The addition of polyethylene glycol to therapeutic IFN alfa proteins has been shown to dramatically increase plasma exposure following dosing and has led to increased response rates.[71][72] Recently, an IFN beta molecule has been conjugated to a linear 20-kDa polyethylene glycol molecule targeted at a single site on the N-terminal amine.[73] This molecule is now entering clinical trials for the treatment of chronic hepatitis C. A pegylated form of IFN-alfacon1 is also being clinically evaluated. Finally, a fusion protein of IFN alfa-2 and human serum albumin, has entered clinical trials for the treatment of chronic hepatitis C.[74] This molecule displays similar in vitro antiviral and antiproliferative activity to unmodified IFN alfa-2, but has marked improvements in pharmacokinetic characteristics. Several new techniques for selection of novel second-generation IFNs have produced even more potent molecules, and clinical trials of these molecules are either underway or planned for the near future. Lastly, the role of additional naturally occurring IFN species, such as IFN gamma and IFN omega, is now being elucidated in clinical trials (communication by L.M. Blatt, Brisbane, CA).
Oral IFN Inducers.
Oral IFN inducers represent a class of compounds that may allow the generation of an effective immune response by induction/modulation of cytokine responses at the site of infection, or that may supplement or replace parenteral administration of IFN. The central challenge in the use of such agents as oral therapy for chronic HCV infection is the delivery of effective doses to the liver. Agents known to induce IFN alfa and other cytokines include (among many) relatively high molecular-weight agents, such as double-stranded RNA (poly I:C), and CpG oligonucleotide derivatives. In contrast to the complexities associated with oral delivery of such large molecules, low-molecular-weight molecules may offer similarly useful immune-modulating properties and a reasonable probability of oral absorption. Two advanced chemical classes include the imidazoquinolones imiquimod and resiquimod,[75] and the nucleoside analogs ANA245 and ANA971.
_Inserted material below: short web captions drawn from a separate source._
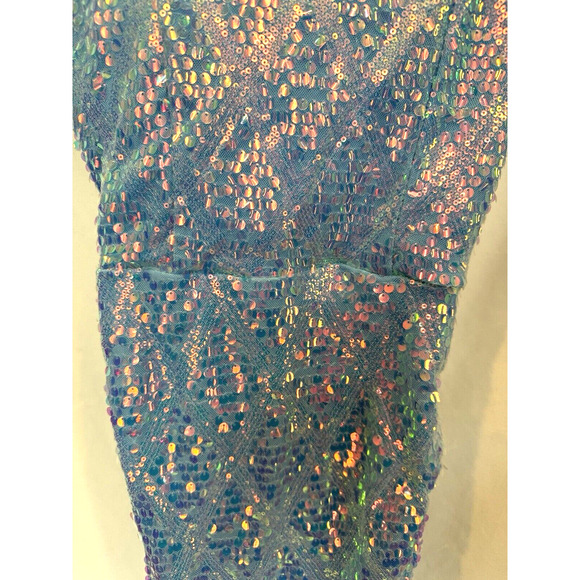 MNK Ice‎ Blue Sequin Mini Bodycon Cocktail Party Dress Size L Glam Girly Y2K - Picture 3 of 12
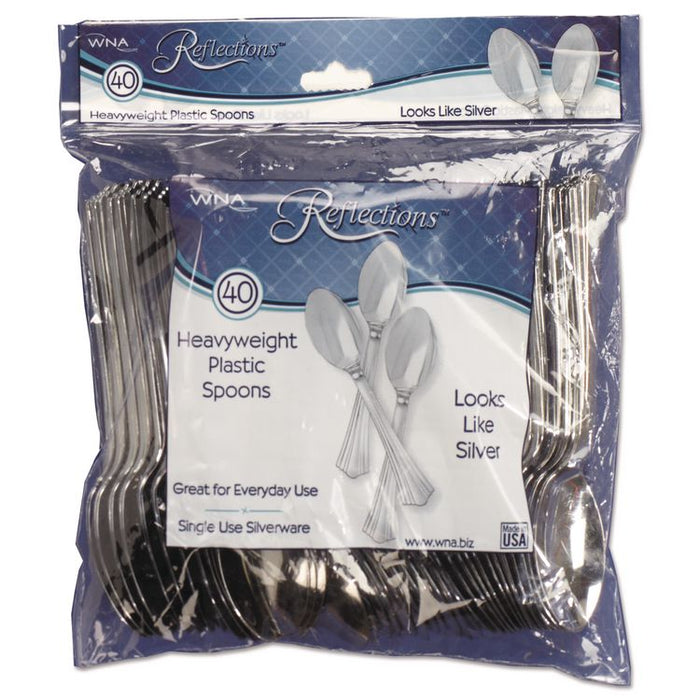 Reflections Heavyweight Plastic Utensils, Spoon, Silver, 40/Pack, 8 Packs/Carton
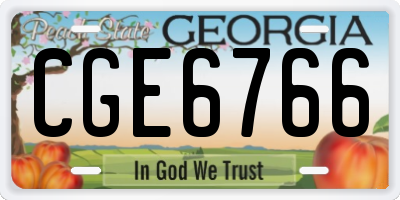 GA license plate CGE6766
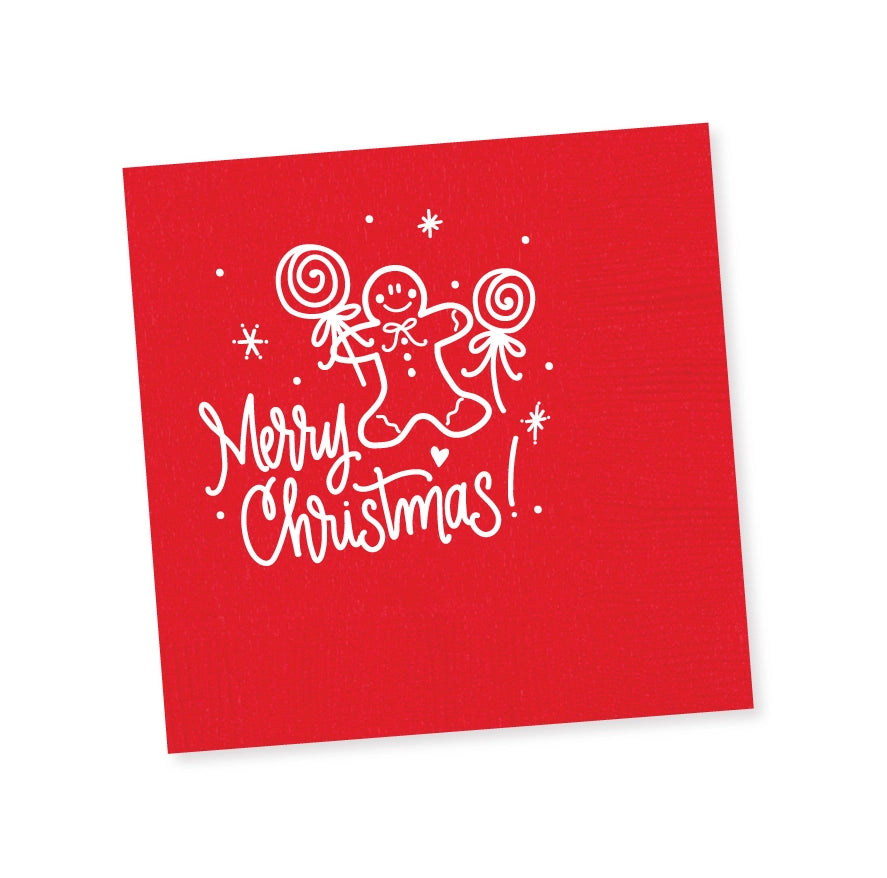 GINGERBREAD CHRISTMAS NAPKINS-RED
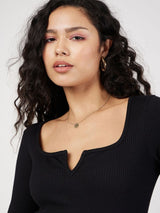 Women's Black Rib V-Neck Top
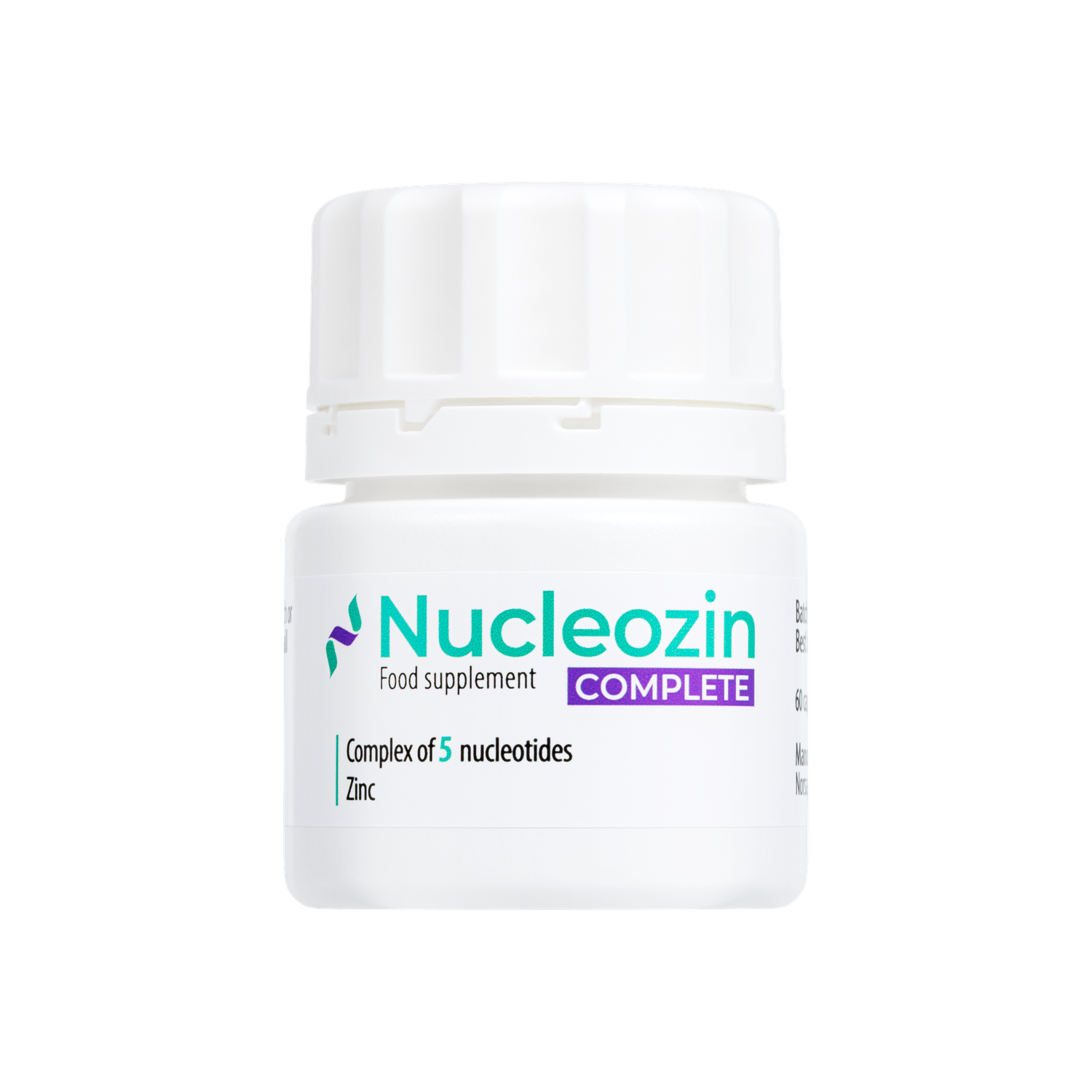 White Nucleozin Complete food supplement bottle with green and purple label, containing 5 nucleotides and zinc.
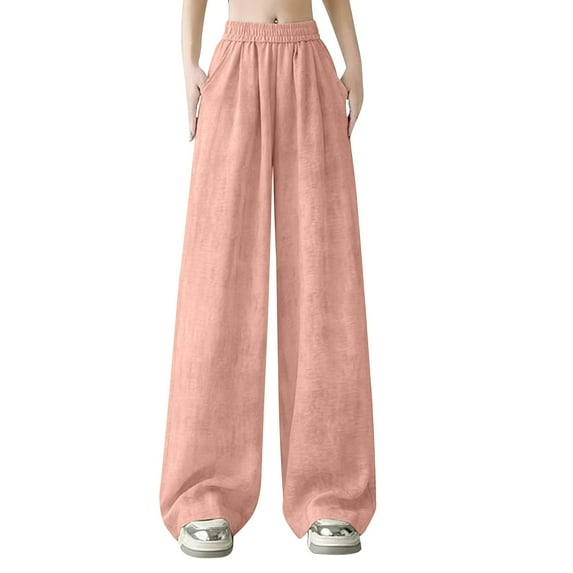 ABATAB Plus Size Wide Leg Pants for Women Ruched Pure Color Lounge Trousers Elastic Waisted Baggy Casual Joggers Pants with Pockets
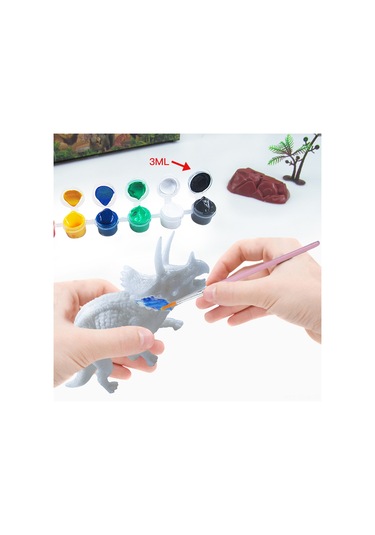 Symbee 6 Adet Pvc Dinozor, 36 Renkli Boya, 6 Fırça İle El Yapımı Boyama Seti - Çocuklar İçin Sanatsal Çalışma Ve Hayal Gücü Geliştirici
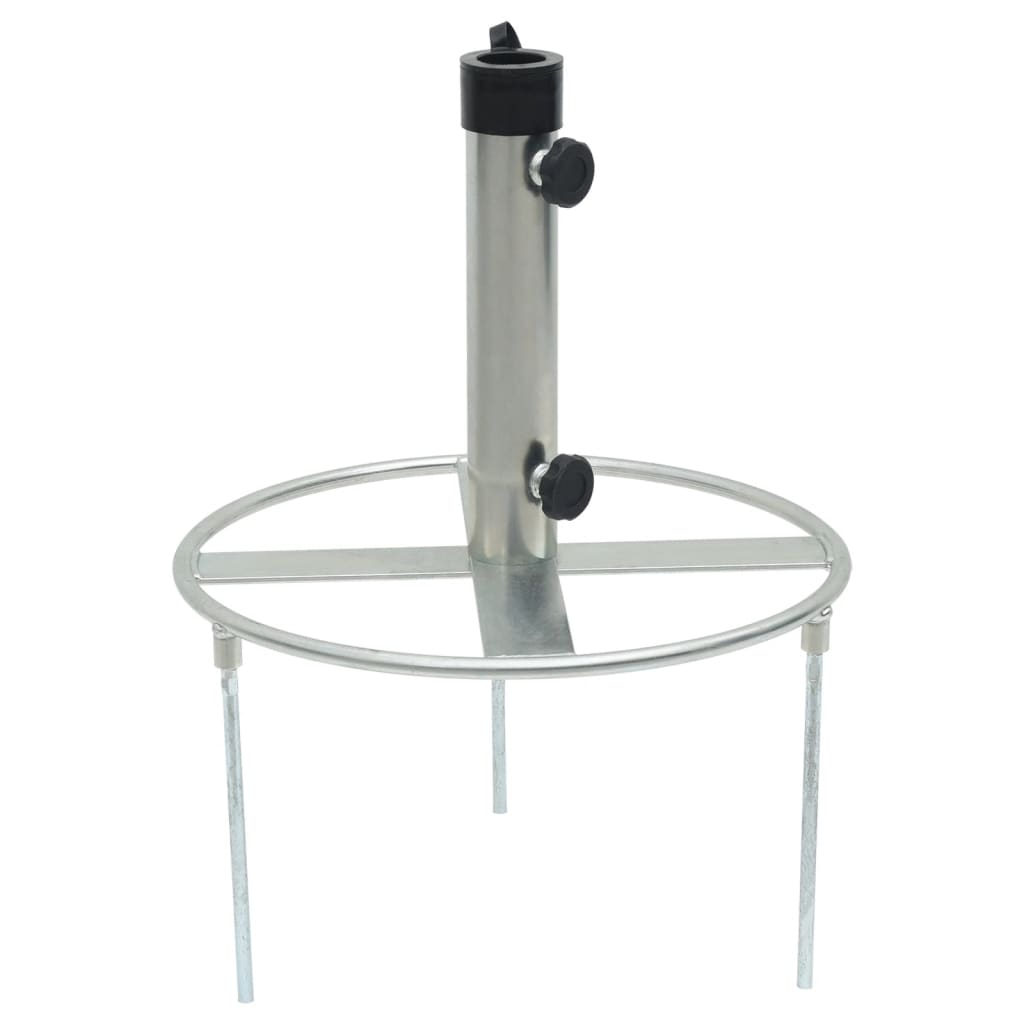 VidaXL Sonnenschirmständer mit Erdspießen für Ø38 48 mm Stahl silberfarben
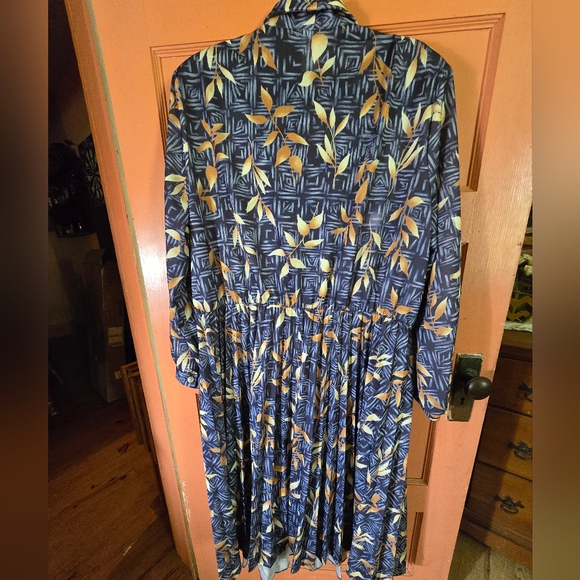 Anthony Richards Blue Pleated Leaf Pattern Secretary Dress w belt Size 24 1/2 - Picture 3 of 5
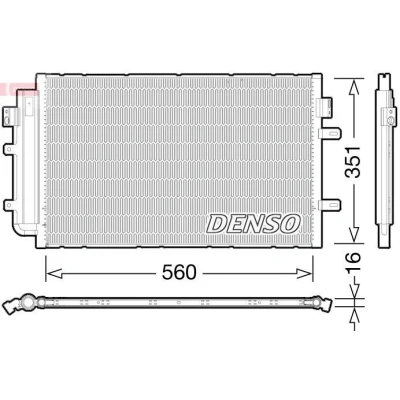 Bilde av DENSO DCN12005 Kondensator med tørker 560x351x16 R 134a 560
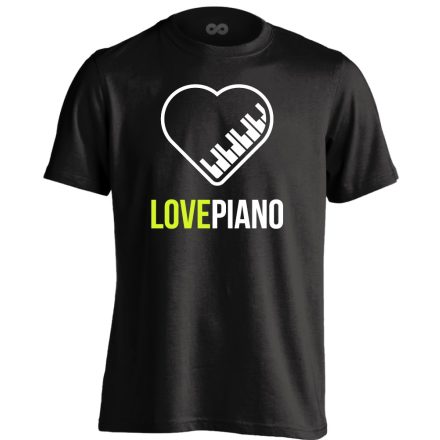 LovePiano zongorás férfi póló (fekete)
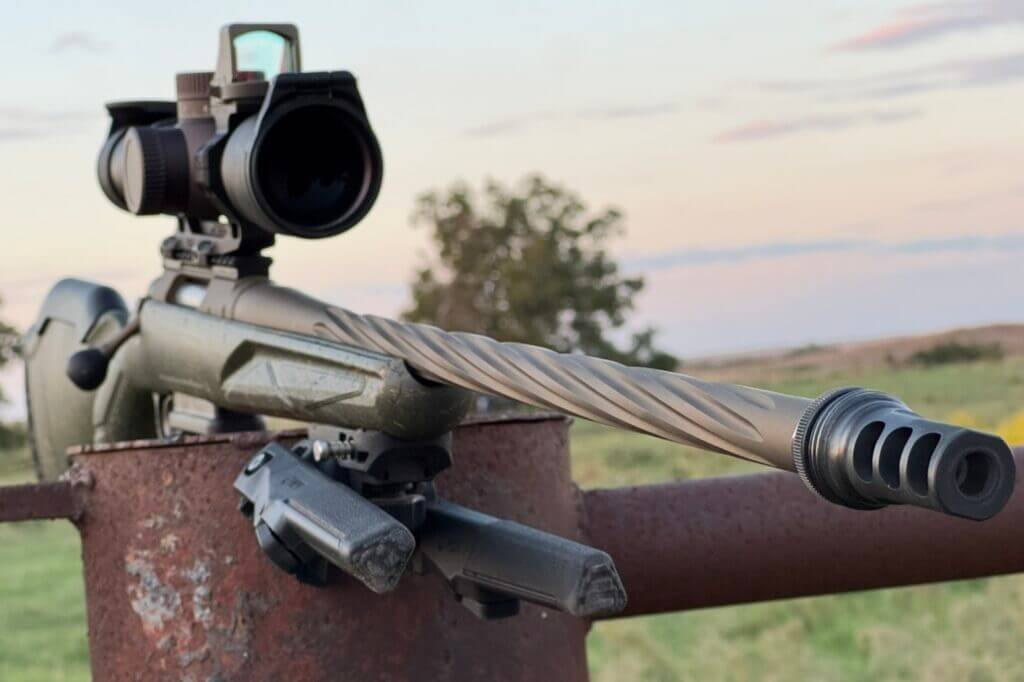 Deep spiral fluted barrel on the Ruger American Gen II Predator with burnt bronze Cerakote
Imiquimod is approved for use as a topical agent in dermatology. Toxicity probably resulting from cytokine induction was reported in human studies.[76][77] Resiquimod is currently in phase II studies for chronic viral hepatitis, and preliminary reports indicate a lack of specific detectable antiviral activity (Pockros et al., poster presented at the meeting). ANA245 is a low-molecular-weight nucleoside analog that induces multiple cytokines, including IFN alfa, and it showed immunologically mediated antiviral activity in a range of viral infection models (D.R. Averett, unpublished data, May 2003). However, its oral bioavailability is limited at high doses. Studies in humans are underway to characterize the safety and pharmacokinetics of ANA245 after intravenous administration, as a component of the development program for ANA971, a novel molecule that was shown to efficiently deliver ANA245 at levels associated with antiviral effects to the plasma of various animals (Averett et al., unpublished data) (communication by D.R. Averett, San Diego, CA).
Ribavirin-Like Molecules.
Ribavirin monotherapy is ineffective in inducing sustained viral clearance, but it significantly enhances the sustained viral clearance rate when combined with IFN. Until now, the mechanism by which ribavirin enhances IFN efficacy remains unknown. There are four proposed mechanisms of action: immune-mediated activity on the host Th1/Th2 balance; inhibition of host enzyme inosine monophosphate dehydrogenase (IMPDH) activity; weak inhibitory activity against the RdRp; and induction of RNA mutagenesis.[78] Hemolytic anemia is a frequent side effect that limits ribavirin dosing, emphasizing the need for alternative molecules with similar mechanisms and efficacy and less toxicity.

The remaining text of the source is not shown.